----- Records for the task
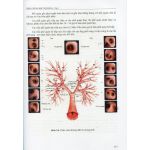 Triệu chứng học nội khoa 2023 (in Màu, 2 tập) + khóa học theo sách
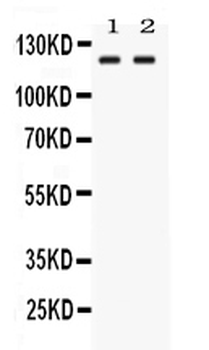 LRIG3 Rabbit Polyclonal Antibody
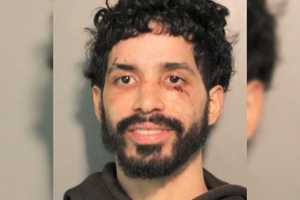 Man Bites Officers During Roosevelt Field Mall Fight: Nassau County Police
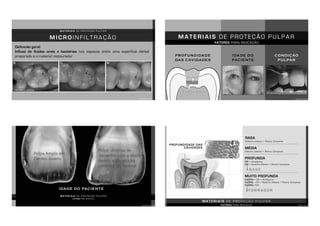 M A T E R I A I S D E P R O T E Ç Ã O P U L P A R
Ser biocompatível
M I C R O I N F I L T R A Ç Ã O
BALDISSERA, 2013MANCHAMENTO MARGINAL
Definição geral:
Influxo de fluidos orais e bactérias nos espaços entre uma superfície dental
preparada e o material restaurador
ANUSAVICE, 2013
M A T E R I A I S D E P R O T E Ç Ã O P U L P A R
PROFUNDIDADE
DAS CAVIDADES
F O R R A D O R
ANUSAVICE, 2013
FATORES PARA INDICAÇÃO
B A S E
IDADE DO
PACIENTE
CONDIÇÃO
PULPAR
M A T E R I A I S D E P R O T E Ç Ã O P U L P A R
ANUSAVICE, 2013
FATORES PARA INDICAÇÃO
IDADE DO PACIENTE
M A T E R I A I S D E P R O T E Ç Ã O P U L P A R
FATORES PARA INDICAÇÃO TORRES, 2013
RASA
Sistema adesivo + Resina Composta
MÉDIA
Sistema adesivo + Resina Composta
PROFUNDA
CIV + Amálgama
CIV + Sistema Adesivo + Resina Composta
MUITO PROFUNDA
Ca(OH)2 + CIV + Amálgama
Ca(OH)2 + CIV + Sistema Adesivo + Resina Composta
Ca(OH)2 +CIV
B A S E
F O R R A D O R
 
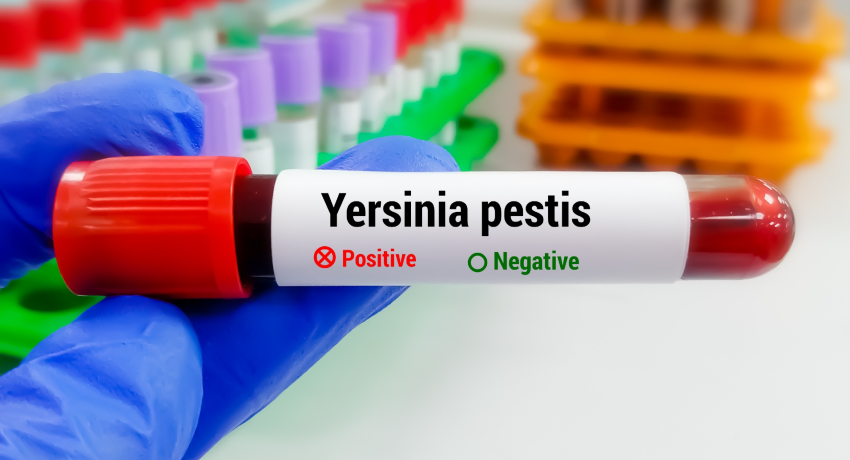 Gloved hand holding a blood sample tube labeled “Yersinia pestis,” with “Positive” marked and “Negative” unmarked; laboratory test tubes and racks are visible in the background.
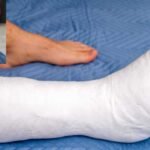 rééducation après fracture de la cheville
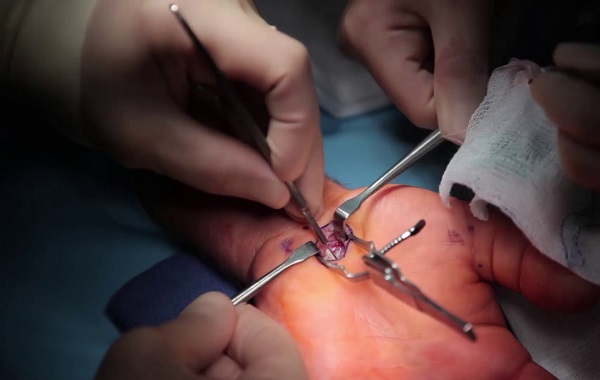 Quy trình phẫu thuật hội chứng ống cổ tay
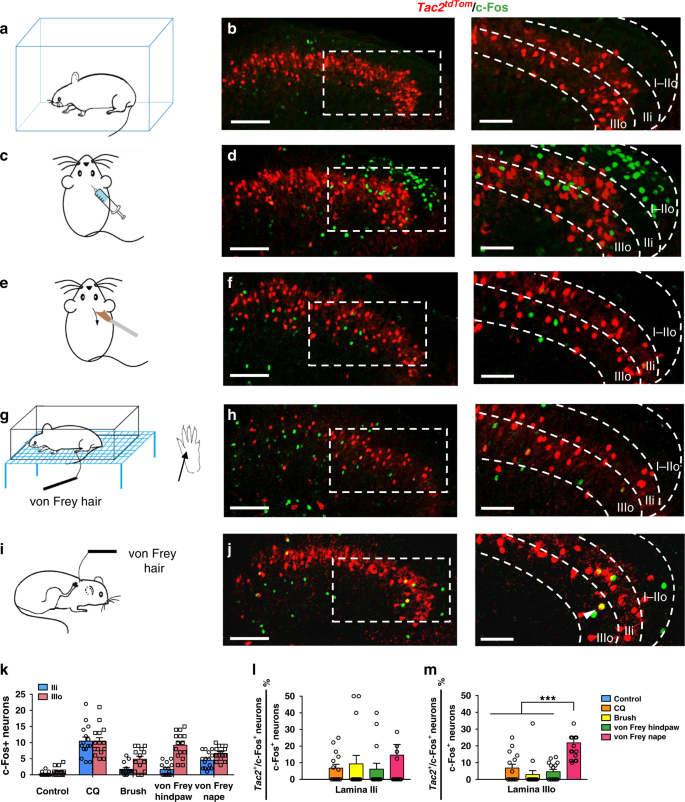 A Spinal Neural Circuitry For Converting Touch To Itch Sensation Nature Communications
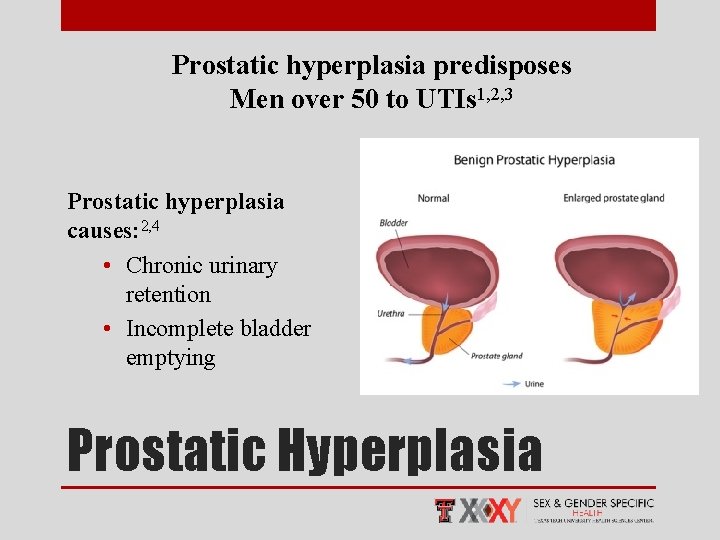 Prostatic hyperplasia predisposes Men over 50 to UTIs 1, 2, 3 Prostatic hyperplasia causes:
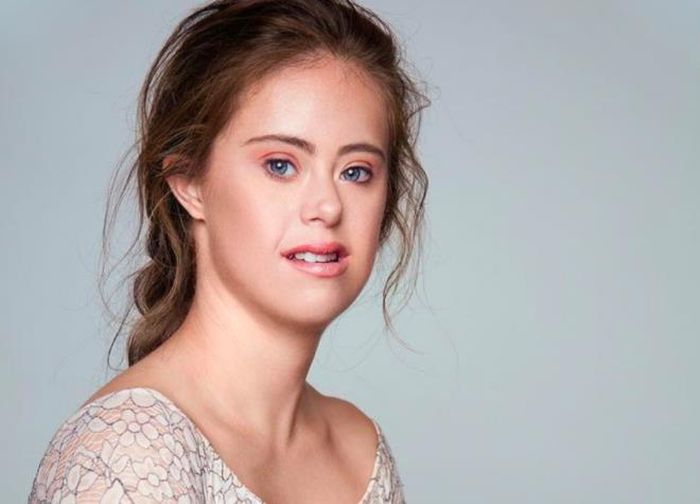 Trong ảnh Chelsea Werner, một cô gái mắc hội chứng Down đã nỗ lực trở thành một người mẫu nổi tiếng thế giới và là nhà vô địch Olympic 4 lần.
----------
----- Records for the task
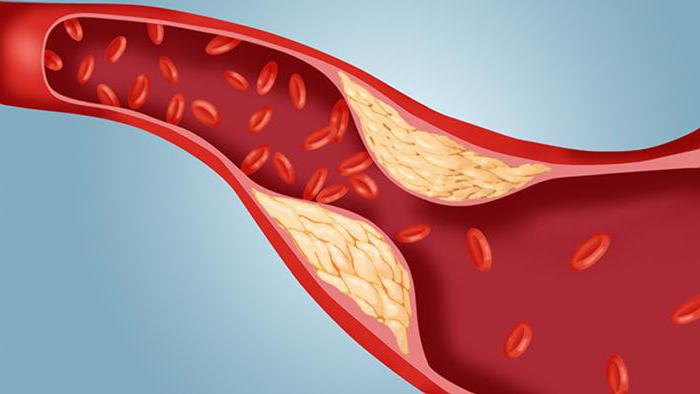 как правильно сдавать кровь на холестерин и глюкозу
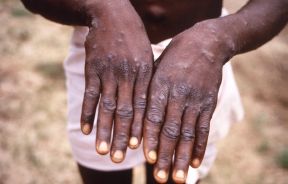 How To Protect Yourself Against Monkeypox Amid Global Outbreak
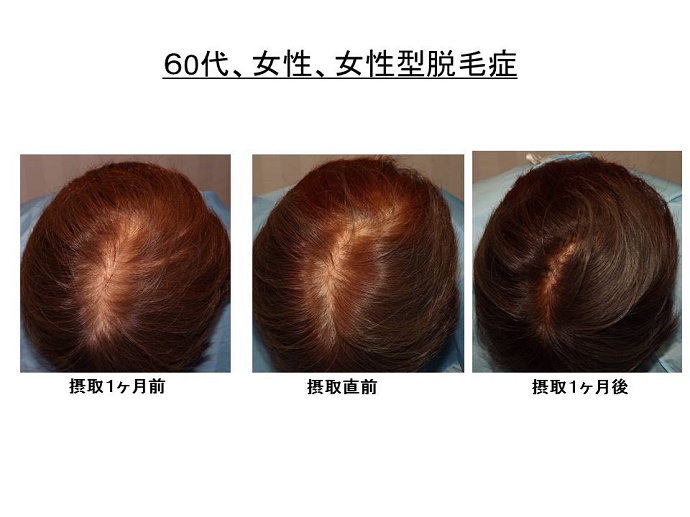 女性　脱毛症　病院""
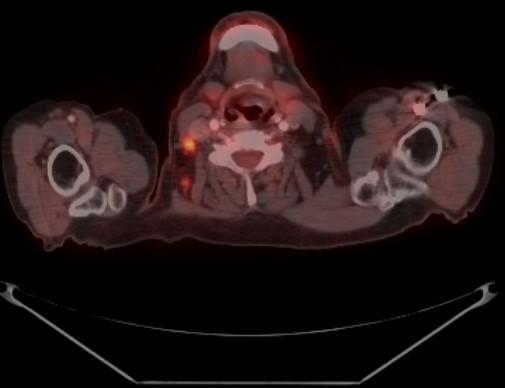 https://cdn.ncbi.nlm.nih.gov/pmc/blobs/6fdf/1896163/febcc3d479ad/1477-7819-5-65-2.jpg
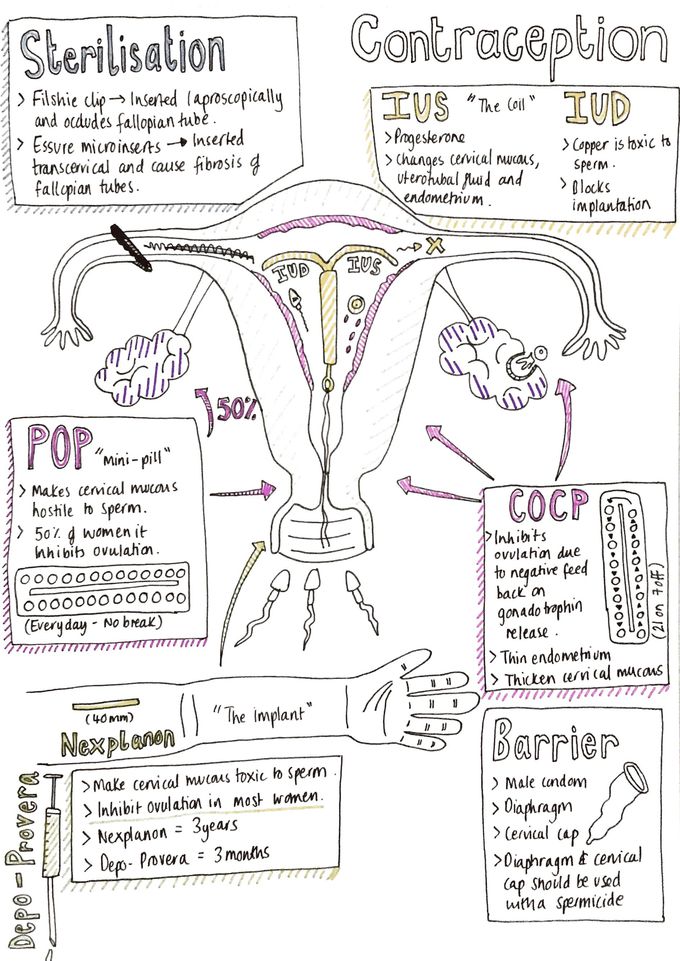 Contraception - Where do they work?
----------
* Exercise details *
Throughout the records, the word "Sistema" shows up on certain lines. Report how many lines, with only the number.

* Expected output *
4